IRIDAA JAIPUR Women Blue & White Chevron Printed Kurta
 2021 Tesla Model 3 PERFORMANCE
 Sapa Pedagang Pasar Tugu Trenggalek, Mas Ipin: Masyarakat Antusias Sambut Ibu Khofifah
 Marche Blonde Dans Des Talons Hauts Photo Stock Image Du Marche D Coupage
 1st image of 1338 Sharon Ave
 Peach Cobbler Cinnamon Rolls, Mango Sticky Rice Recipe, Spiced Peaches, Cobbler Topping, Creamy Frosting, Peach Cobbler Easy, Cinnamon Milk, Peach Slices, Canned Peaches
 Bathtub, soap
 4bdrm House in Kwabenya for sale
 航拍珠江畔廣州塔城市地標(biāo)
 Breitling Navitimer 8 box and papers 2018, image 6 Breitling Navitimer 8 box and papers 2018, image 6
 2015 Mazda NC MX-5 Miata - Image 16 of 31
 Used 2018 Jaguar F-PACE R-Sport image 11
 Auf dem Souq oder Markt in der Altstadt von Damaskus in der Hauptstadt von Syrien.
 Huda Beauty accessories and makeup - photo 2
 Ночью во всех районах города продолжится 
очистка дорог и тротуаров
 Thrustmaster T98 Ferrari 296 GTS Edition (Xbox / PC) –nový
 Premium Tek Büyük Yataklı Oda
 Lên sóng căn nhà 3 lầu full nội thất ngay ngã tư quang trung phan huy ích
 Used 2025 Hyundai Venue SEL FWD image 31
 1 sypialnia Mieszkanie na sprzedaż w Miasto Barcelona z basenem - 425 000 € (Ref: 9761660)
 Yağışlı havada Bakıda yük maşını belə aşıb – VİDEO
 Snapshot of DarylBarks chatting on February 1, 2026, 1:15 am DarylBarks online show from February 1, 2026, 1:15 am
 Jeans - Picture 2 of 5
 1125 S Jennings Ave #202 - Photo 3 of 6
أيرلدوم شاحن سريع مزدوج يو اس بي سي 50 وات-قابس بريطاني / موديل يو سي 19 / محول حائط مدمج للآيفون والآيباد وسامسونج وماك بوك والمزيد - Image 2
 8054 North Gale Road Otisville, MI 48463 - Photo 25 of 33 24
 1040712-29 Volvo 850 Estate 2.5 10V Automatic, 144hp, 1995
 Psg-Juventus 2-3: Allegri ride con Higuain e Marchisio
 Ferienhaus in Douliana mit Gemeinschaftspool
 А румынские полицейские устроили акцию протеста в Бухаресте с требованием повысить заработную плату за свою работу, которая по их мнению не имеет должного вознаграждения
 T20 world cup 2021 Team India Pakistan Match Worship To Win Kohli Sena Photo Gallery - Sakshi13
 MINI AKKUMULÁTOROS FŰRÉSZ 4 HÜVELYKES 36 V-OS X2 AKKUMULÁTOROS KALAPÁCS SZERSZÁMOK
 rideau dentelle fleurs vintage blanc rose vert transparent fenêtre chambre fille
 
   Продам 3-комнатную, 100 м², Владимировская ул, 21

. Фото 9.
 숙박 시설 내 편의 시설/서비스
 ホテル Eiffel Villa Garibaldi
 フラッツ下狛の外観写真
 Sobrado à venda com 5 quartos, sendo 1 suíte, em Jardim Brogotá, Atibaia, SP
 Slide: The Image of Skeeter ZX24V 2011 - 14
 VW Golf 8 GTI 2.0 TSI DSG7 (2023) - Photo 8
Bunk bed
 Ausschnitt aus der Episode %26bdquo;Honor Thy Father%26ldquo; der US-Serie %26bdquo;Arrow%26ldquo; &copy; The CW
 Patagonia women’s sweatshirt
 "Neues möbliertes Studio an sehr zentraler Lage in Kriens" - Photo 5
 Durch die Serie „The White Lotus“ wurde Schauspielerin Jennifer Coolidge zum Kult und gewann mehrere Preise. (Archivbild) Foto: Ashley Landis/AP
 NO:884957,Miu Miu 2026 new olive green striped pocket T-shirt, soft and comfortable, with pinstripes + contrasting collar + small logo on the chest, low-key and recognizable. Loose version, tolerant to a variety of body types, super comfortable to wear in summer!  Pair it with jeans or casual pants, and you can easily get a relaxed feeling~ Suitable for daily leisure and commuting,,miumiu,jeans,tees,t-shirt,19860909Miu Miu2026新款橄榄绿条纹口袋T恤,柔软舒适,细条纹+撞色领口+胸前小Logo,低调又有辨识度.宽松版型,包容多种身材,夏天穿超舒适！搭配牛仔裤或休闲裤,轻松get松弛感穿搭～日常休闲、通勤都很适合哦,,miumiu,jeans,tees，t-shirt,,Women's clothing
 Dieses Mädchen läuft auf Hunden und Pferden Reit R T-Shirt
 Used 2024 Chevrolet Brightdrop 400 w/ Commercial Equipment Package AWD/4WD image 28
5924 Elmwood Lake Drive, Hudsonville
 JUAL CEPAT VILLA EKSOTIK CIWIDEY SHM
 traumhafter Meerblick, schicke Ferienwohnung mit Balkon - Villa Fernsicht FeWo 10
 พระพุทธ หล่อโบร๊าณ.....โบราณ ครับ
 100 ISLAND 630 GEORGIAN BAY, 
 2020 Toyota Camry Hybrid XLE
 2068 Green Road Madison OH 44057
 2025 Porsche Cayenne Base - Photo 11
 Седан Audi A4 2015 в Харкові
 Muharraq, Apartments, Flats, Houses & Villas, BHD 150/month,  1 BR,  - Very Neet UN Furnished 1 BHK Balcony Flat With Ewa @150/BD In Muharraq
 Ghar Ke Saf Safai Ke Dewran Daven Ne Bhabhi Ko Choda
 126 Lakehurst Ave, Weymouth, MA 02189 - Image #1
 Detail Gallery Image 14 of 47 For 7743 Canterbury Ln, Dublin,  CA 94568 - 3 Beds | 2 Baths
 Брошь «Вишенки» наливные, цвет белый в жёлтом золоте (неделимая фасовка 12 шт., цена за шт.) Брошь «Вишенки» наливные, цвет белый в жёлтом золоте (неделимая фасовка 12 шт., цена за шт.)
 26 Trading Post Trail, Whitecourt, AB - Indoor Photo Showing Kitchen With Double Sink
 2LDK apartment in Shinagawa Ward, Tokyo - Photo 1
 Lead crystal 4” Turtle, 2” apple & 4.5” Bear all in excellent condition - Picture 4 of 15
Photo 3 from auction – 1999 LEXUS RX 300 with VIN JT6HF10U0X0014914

YOUR OBJECTIVE »
Read through the material above, and whenever a line contains "from", copy it.

SOLVED PROBLEM »
 Snapshot of DarylBarks chatting on February 1, 2026, 1:15 am DarylBarks online show from February 1, 2026, 1:15 am
Photo 3 from auction – 1999 LEXUS RX 300 with VIN JT6HF10U0X0014914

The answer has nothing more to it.